俺は毎日毎日現実というものを目の前にされ、ずっと気が重かった。

どんなに楽しくても。ずっと。

でも、ここにいると心から明るくなれる気がした。

激しい実感はないが、心がいつもより穏やかだった。

「聖弥さん…?」

「はっ!」

「何ニヤニヤしてるの聖弥君…。」

美輪と美咲たんが怪しげの表情で俺を見つめる。

「いや、何でもないっす!」

「そぉ?んじゃ、次どこ行く?」

美咲たんは俺の顔をもう一度のぞき込み、元の席へ戻った。

俺は緊張してにやけ顔のまま硬直。

そこに日平が口を入れる。

「遊園地ってあるの?」

「あるよ〜。有名キャラ達を代表したアトラクションが山ほど☆」

美咲たんが答える。

確かに面白そうだが…

俺も行きたいところがあった…。

まぁ、いいか。

「じゃぁ早速行こう!」

「はい!」

「いこいこ!」

「ちょっと聖弥、置いていっちゃうよ?」

俯いている俺に日平が話しかける。

「あぁ、行く行く!」




「ここか…。」

「す…すごい…。」

俺と日平は息を呑んだ。

あまりの本格的さに。

「なんでこんなあの有名キャラを細部まで…。」

俺の視線の先には、俺の大好きキャラ第2位の真奈の絵があった。

近くに駆け寄り、看板のようなものを見てみると、

『真奈の館』

「出たぁ!真奈の館!』

俺は叫んだ。

真奈の館と言えば連想できるのはお化け屋敷…ならば…

俺は黙って入口へ向かう。

日平達は何をするのかと黙って笑顔でついてくる。

———酷い目にあうとも知らずに。


ゴォォォォォォォォォォォ…

戸を開けて、中へ入った瞬間に、生ぬるい風が俺たちを迎える。

そのままだ…原作そのままだ…。

俺は驚いた。ガチで驚いた。

まるで本物だ…アニメで見たものをそのまま映して貼っつけたみたいだ。

「うふふっ、まさかここを選ぶとはねぇ…。二次元通ね聖弥君。」

美咲たんの声を聞き、俺の頬が緩む。

「ふっ。興味本位だよ。」

二次元にいる時くらいはかっこいい言葉を発しておこうか。

「あそこの受付から通るのよ。」

そういう美咲の体には、むっちゃ怖がっている日平がへばりついていた。

…日平ってビビりなのか…。

「さぁ、入ろうか。」

「ふ、ふぎゃぁ…。」

日平が喉から精一杯声を絞り出す。

「怖がんないで。皆いるからね?」

美咲たんが日平をぽんぽんと叩く。

「う、うぅぅ…。」

日平は元気を外に置いてきてしまったようだ。

しかしもう遅い。

もうすぐ入口にたどり着く。

並ぶ場所は実に狭い廊下。

俺はこんな地味な場所もくっきりと覚えていた。

赤みがかった薄暗い部屋。天井には電気の切れたシャンデリア。

代わりに壁にロウソクが刺さっている。

そんな長い長い廊下のなか、長い行列を歩み続け

————ついにやってきた。

入口だ。

「ふぉぉぉえぇぇぉぉっぁぁぁ…。
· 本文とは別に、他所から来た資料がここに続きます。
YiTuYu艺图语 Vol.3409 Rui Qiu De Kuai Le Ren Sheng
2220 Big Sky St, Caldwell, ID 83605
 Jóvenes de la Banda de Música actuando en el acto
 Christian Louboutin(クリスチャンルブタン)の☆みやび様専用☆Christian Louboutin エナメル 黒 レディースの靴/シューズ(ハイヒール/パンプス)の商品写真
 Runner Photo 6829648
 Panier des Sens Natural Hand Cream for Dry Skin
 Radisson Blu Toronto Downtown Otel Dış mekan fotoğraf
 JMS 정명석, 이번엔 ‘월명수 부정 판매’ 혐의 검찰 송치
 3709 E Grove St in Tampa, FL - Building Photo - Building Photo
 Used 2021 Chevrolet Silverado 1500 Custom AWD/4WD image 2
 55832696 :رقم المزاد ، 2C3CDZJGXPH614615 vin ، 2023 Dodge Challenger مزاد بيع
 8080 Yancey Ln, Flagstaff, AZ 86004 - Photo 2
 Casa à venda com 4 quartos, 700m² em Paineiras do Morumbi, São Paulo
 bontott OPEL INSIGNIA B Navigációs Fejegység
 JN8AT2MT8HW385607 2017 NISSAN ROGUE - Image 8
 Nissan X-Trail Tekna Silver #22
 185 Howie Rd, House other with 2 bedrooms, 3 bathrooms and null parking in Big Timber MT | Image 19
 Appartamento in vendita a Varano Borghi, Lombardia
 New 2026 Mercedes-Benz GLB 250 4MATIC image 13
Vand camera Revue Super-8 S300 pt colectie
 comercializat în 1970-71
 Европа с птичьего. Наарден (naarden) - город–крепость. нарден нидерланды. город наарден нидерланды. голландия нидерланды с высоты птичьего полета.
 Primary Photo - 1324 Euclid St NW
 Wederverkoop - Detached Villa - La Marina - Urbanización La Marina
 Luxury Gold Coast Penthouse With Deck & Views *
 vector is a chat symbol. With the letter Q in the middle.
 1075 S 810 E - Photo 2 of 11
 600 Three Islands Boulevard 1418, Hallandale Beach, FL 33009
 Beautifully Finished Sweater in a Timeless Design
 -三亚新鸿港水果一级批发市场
」

「うふふ…日平ちゃんは案外怖がりなのねぇ…。」

美咲たんはにっこり笑う。

この笑顔を見ていると、怖さなんて吹っ飛んでしまう。

入口から前へ進むと、先ほどとは打って変わって、とても広いホールのような場所があった。

「真奈の館第1難関。レッドサムバット・ホール」

口に出してたしかめる。

「あら、よく知ってるわねぇ〜。」

美咲たんは感心していた。

そんな美咲たんの横。

「…。」

「…。」

美輪と日平は黙りこくっていた。

そういや、美輪なんて入った時から黙っていたではないか。

…こいつもビビりか。

美輪を見ながらそんなことを思う。

それに気づいた美咲たんは、

「美輪も極度の怖がりでねぇ〜♪うふふw」

美輪はなにか言いたそうだが、言うにも言えない様子だった。

そんな雑談をしていると、天井から声が聞こえる。

≪真奈の館へようこそ。≫

なんとその声は真奈本人のものだった。

≪長い廊下で待たせて悪かったわね。いよいよゲームが始まるわ。≫

かっこいいよ真奈…大好き…

俺の目には自然と涙が浮かんできた。

≪今なら帰っても大丈夫よ。忠告するけど、帰った人はまだ一人もいないんだからね?≫

真奈がそういうと、さっき歩いてきた廊下への扉が再び開く。

≪あら、誰も戻らないの?うふっ、気に入ったわ。さぁ、最期まで遊んで逝きなさい。≫

そういうと扉が閉まった。

「帰りたかった…。」

日平は美咲の体に顔を押しつけながら声を出す。





さぁ、



———————ゲームが始まるぞ。








次回はお化け屋敷を終わらせねば。
 それでは!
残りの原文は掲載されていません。